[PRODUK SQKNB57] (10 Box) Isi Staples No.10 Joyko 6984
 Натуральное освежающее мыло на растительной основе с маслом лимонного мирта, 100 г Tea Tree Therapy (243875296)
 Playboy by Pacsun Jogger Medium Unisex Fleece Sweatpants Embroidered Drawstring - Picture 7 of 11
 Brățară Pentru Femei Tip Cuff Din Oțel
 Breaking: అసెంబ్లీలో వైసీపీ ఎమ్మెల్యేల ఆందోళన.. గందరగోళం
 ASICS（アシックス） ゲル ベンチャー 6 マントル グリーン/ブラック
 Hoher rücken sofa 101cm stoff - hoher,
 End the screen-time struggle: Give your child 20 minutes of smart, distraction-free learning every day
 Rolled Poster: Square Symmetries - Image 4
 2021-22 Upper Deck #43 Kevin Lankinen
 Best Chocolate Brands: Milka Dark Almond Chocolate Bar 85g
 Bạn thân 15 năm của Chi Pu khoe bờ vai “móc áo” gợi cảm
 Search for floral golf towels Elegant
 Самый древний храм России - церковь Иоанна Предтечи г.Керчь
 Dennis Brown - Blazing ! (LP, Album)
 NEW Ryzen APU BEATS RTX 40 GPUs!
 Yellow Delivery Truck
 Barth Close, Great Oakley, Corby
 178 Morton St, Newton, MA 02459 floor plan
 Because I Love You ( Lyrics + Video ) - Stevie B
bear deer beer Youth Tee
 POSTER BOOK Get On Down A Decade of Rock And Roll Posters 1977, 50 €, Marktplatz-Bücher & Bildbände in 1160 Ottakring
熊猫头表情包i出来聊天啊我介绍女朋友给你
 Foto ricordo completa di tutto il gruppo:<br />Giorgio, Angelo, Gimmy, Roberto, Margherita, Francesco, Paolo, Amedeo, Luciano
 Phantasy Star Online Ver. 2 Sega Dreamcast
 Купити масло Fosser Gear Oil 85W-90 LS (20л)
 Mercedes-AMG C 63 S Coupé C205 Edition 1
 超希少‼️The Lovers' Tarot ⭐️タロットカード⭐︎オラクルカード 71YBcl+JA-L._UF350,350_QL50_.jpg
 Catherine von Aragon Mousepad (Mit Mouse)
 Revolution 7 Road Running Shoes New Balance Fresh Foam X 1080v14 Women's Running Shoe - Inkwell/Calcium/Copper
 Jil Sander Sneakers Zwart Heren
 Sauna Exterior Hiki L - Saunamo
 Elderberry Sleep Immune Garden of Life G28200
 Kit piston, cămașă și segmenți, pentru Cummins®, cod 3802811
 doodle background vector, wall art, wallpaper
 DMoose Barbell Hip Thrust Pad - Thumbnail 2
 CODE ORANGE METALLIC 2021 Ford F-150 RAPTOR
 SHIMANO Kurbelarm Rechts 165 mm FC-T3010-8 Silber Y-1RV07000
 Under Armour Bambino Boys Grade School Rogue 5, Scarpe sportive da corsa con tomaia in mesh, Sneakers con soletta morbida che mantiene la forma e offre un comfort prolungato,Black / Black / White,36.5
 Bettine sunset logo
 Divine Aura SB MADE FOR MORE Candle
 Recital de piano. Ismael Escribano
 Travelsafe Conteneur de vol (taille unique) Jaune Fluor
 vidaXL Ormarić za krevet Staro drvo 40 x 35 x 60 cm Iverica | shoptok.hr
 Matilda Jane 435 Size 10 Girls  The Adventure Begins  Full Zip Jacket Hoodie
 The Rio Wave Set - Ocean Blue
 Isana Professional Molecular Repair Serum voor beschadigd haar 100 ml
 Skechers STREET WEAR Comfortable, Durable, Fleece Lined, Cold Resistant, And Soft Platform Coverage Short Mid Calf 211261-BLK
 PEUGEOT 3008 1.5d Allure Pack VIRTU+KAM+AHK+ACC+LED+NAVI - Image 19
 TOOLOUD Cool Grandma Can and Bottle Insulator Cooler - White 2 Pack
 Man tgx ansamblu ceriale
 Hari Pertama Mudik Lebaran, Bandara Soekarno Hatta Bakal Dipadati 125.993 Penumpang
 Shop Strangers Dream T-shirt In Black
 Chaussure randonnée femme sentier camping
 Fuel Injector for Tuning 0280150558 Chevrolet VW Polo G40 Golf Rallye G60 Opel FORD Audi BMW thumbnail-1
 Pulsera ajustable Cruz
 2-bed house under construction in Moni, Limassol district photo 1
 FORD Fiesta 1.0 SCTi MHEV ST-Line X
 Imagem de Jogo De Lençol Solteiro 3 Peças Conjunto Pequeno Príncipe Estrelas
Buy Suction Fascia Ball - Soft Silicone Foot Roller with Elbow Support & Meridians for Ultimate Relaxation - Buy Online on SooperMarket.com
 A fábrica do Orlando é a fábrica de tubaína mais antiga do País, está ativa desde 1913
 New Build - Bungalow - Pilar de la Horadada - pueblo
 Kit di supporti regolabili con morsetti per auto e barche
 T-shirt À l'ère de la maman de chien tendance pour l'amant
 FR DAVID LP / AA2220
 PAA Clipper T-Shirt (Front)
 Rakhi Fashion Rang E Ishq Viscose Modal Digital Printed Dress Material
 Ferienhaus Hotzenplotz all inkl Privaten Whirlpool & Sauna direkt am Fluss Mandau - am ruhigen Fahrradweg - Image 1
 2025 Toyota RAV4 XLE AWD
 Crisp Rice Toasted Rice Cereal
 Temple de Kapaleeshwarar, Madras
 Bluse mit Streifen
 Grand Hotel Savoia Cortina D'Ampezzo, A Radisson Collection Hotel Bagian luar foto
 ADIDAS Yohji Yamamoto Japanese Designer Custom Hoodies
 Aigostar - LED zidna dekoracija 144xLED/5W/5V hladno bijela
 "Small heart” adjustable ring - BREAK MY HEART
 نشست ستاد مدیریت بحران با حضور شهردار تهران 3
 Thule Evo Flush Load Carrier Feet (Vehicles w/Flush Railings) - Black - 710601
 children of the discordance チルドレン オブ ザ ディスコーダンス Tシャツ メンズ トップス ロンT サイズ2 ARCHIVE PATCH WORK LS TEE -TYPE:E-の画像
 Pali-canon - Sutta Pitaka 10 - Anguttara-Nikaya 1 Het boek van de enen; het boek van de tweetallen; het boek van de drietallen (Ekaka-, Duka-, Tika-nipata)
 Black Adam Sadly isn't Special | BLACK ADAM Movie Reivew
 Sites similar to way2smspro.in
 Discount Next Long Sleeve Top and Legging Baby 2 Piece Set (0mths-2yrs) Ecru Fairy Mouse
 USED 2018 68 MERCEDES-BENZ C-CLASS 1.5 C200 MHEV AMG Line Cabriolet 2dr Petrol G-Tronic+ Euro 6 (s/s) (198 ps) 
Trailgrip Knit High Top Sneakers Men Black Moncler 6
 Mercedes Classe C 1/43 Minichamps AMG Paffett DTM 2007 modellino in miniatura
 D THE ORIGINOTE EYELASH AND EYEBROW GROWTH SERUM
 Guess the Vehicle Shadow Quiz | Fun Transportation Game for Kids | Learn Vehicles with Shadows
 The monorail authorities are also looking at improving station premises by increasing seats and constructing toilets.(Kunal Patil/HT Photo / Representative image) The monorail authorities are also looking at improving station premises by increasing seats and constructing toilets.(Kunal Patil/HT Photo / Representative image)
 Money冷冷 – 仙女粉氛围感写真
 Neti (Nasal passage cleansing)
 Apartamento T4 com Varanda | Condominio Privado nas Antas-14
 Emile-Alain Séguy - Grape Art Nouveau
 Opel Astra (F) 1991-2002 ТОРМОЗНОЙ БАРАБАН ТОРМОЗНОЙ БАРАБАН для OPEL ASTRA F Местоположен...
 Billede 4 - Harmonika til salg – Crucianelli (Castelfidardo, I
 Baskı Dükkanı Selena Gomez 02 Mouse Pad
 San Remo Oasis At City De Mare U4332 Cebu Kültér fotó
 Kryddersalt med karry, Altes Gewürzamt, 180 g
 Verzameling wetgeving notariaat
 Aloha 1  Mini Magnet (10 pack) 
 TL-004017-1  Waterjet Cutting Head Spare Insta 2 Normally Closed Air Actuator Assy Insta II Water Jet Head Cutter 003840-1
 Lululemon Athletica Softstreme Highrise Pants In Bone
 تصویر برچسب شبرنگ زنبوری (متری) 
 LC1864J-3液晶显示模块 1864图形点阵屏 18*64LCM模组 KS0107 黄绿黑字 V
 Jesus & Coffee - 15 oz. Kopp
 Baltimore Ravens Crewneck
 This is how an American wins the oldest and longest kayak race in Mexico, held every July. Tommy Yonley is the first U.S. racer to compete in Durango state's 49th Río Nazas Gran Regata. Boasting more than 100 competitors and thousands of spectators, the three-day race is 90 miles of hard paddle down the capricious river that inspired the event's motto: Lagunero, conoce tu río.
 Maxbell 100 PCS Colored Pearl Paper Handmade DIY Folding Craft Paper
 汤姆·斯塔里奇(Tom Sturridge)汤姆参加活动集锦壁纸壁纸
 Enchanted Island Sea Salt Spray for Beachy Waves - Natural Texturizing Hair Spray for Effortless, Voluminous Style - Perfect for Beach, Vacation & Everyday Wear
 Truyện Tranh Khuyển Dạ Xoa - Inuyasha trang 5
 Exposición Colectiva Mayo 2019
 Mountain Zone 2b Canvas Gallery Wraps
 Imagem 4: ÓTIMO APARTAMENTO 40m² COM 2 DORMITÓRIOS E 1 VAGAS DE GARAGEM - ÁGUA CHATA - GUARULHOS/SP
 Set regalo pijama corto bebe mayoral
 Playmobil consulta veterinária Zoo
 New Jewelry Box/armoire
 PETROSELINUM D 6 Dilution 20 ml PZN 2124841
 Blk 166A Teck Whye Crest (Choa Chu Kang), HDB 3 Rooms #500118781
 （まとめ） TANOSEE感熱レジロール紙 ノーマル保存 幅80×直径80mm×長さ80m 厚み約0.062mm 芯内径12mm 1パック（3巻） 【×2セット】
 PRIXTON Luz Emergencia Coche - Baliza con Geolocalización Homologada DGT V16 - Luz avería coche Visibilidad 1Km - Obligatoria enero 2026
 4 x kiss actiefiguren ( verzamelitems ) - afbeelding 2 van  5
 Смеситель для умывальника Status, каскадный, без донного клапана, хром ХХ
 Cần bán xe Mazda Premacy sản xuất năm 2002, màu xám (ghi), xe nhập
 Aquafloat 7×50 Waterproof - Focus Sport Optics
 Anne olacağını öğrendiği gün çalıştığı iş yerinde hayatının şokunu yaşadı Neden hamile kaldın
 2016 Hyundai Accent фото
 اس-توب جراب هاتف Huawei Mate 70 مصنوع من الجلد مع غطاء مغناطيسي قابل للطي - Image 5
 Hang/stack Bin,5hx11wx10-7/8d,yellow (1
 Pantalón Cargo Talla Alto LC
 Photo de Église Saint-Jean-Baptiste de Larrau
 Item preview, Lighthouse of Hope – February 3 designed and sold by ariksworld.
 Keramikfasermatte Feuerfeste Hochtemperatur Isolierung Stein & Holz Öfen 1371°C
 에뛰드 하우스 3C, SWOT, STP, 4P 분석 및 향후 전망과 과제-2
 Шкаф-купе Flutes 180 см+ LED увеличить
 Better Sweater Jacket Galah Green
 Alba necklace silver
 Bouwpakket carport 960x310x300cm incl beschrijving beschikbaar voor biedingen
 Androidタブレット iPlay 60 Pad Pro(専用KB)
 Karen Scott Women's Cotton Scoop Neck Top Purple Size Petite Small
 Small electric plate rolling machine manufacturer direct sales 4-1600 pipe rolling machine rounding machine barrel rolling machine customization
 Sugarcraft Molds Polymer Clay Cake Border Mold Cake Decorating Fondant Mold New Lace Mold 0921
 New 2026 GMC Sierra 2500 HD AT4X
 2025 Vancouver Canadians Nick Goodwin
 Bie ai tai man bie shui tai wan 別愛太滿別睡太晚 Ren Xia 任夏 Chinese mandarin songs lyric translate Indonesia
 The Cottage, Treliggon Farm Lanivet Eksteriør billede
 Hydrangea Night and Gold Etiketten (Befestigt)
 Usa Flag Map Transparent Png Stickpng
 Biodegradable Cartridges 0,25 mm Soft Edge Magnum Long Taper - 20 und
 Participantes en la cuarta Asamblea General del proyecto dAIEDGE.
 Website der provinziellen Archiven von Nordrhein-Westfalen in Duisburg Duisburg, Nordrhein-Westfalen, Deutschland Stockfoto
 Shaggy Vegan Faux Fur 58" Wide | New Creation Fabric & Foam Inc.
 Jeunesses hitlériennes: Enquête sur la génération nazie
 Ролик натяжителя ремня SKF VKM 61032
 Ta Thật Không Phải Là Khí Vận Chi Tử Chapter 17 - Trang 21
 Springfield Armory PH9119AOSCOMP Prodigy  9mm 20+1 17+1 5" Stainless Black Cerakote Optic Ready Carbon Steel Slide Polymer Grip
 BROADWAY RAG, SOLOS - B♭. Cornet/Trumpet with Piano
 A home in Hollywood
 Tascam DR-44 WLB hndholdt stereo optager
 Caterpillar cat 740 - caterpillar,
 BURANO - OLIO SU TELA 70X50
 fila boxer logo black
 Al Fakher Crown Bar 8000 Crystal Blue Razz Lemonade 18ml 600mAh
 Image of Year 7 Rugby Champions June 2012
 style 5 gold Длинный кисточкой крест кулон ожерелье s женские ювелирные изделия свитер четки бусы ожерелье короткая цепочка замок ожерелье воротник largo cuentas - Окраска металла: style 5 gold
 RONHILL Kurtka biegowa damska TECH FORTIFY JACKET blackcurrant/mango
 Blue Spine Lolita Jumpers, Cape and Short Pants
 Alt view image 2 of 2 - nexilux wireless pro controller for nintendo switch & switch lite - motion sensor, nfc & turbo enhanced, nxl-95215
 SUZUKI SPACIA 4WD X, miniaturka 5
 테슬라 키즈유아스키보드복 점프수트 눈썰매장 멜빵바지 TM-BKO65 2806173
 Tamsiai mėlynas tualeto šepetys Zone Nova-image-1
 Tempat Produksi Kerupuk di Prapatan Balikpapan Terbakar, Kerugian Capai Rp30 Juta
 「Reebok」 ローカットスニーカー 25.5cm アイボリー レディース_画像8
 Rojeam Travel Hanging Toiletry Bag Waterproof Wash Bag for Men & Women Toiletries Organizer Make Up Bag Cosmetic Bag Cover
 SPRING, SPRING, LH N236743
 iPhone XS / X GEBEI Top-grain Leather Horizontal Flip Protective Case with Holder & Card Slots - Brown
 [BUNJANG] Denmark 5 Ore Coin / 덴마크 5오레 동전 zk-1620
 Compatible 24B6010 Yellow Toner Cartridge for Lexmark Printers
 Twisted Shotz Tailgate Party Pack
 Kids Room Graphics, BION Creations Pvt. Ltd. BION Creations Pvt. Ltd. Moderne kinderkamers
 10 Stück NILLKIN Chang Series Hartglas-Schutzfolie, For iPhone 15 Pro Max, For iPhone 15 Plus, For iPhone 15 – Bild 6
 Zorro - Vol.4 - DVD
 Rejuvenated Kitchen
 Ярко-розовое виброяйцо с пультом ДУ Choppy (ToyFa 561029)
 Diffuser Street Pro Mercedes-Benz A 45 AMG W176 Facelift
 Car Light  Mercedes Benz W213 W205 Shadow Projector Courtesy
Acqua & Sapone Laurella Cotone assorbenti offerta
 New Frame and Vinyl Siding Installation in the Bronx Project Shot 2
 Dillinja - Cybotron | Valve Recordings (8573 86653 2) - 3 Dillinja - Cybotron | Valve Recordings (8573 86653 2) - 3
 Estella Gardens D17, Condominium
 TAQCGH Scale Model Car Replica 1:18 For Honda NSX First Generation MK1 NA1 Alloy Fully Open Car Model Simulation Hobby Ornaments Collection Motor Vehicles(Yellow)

──────

WHAT IS EXPECTED: Work through the records above. Copy every line with the string "Size".

YOUR SOLUTION:
 Matilda Jane 435 Size 10 Girls  The Adventure Begins  Full Zip Jacket Hoodie
 Karen Scott Women's Cotton Scoop Neck Top Purple Size Petite Small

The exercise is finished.